Oooo this is getting quite nicely sized. Say the word if you are for sure in.


----------



## DeathKlokk (Jun 9, 2008)

Hmm.... I may go for Biggest Model Entered 


lol


----------



## Djinn24 (Jan 12, 2008)

you wanna bet Death.... I still have not decided exactly what i am going to enter. I have one of 4 to pick from.


----------



## DeathKlokk (Jun 9, 2008)

Sure, Djinn. Mine is totally bigger...


----------



## Midge913 (Oct 21, 2010)

Well if we are comparing sizes........ :so_happy:


----------



## Djinn24 (Jan 12, 2008)

We shall see .


----------



## Djinn24 (Jan 12, 2008)

How's it going folks?


----------



## DeathKlokk (Jun 9, 2008)

Making progress. Got the day off today so I hope to slap some more paint.


----------



## Midge913 (Oct 21, 2010)

Poorly...... I just don't seem to be able to make enough time to paint at the moment. Hopefully that will change soon.


----------



## normtheunsavoury (Mar 20, 2008)

Surprisingly well, my Wayland delivery turned up a couple of days ago and my wife was good enough to let me open a present early so painting is well under way!


----------



## stevey293 (Aug 16, 2011)

Im just basing mine 

Oh and deathklokk dont tempt me i have a titan and an airbrush!!! And i mean it!


----------



## GrimzagGorwazza (Aug 5, 2010)

OOOO am i too late to enter? I have a vehicle that i need to paint and this would be the perfect forum for me to get working on it.


----------



## normtheunsavoury (Mar 20, 2008)

As long as you can get it done by the deadline I can't see a problem.


----------



## stevey293 (Aug 16, 2011)

and here we have my entry.


----------



## AG. (Sep 28, 2010)

I'll enter my Land Raider. I don't post much but a bit of healthy competition might get me to work on it a bit more.

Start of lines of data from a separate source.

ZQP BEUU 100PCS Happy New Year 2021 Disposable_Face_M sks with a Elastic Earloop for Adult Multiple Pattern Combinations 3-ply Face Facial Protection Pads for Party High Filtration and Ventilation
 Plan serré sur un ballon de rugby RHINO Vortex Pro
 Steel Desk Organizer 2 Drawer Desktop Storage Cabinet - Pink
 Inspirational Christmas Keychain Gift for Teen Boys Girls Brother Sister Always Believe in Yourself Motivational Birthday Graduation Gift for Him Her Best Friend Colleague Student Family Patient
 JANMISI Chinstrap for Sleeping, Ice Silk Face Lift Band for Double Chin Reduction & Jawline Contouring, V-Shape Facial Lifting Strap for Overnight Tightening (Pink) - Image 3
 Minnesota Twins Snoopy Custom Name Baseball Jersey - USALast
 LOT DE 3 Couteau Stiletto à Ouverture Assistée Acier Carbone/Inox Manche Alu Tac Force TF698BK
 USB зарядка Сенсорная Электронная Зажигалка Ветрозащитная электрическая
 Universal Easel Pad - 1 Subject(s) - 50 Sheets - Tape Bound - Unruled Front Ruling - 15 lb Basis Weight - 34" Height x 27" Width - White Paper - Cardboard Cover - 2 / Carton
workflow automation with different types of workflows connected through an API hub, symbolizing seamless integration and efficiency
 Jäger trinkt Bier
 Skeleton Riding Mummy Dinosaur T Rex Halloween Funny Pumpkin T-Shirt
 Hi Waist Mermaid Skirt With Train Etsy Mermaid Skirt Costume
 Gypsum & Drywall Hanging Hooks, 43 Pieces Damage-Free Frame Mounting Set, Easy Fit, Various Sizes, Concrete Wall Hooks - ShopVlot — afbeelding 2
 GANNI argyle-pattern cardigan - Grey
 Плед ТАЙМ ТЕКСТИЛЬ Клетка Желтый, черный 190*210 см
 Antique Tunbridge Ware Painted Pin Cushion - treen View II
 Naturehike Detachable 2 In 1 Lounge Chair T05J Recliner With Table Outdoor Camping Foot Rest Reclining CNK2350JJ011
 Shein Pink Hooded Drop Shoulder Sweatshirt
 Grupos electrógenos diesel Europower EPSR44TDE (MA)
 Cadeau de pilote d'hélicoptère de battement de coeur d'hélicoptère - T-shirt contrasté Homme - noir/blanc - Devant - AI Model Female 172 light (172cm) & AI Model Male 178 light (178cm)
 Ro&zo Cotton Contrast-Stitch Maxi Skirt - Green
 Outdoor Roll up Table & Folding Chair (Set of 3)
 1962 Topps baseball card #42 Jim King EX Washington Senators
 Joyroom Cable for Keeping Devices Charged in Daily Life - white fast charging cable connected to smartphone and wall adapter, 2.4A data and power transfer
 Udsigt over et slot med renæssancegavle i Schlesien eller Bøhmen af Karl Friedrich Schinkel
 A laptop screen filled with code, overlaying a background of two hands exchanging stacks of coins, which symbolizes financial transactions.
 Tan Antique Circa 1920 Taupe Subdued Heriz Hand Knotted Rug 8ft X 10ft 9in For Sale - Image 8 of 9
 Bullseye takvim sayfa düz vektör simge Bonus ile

No WIP just finished product right?


----------



## stevey293 (Aug 16, 2011)

Think its just a finished shot.


----------



## DeathKlokk (Jun 9, 2008)

djinn24 said:


> OK rules for this one is:
> 
> *
> WIP Allowed.*


Allowed, not required. 

Got some time today, gonna work on mine. If I could just get all this brass trim and move on to the flames effects... ::sigh::


----------



## arumichic (May 14, 2011)

Oh I wish I could!!! How do you guys paint with kids around the house??? I feel like I haven't posted on heresy for such a long time, that I shouldn't even be posting. Hahaha!~ Anywho, have fun!


----------



## GrimzagGorwazza (Aug 5, 2010)

Just a bump on this and a mention that work on my looted wagon entry is commencing apace.


----------



## stevey293 (Aug 16, 2011)

Im actually changing my entry not happy with the above.


----------



## Midge913 (Oct 21, 2010)

I am sorry to say that I am going to have to pull out of this one. I have had a lot of stuff going on in RL recently and more commission work showing up. Sorry all, maybe next time.


----------



## moswantd407 (Jul 7, 2011)

Count me in, but larger than a rhino in what specific dimensions? Can I enter a Venom? If not then I will be forced to submit a raider. I am entering out of interest mostly, I guarantee my model wont look as great as your guys models.


----------



## stevey293 (Aug 16, 2011)

Anything at all thats bigger throw in a titan if you feel like it.


----------



## infernalcaretaker (Nov 12, 2008)

If I can get one of my Triarch Stalkers finished... wonder if i have the time... ¬¬


----------



## moswantd407 (Jul 7, 2011)

No, I mean I am not sure If a venom is too small or not. It matters what the dimensions are. do you mean hull? Does it really matter that much? If it is smaller its only very slightly,can I enter it anyways.


----------



## stevey293 (Aug 16, 2011)

We'll im throwing in a dreadnought and its gotta be bigger than that!


----------



## crimson skull (Aug 3, 2008)

Yeah i'll join in this one.


----------



## normtheunsavoury (Mar 20, 2008)

Only a few days left to go, how's everyone doing?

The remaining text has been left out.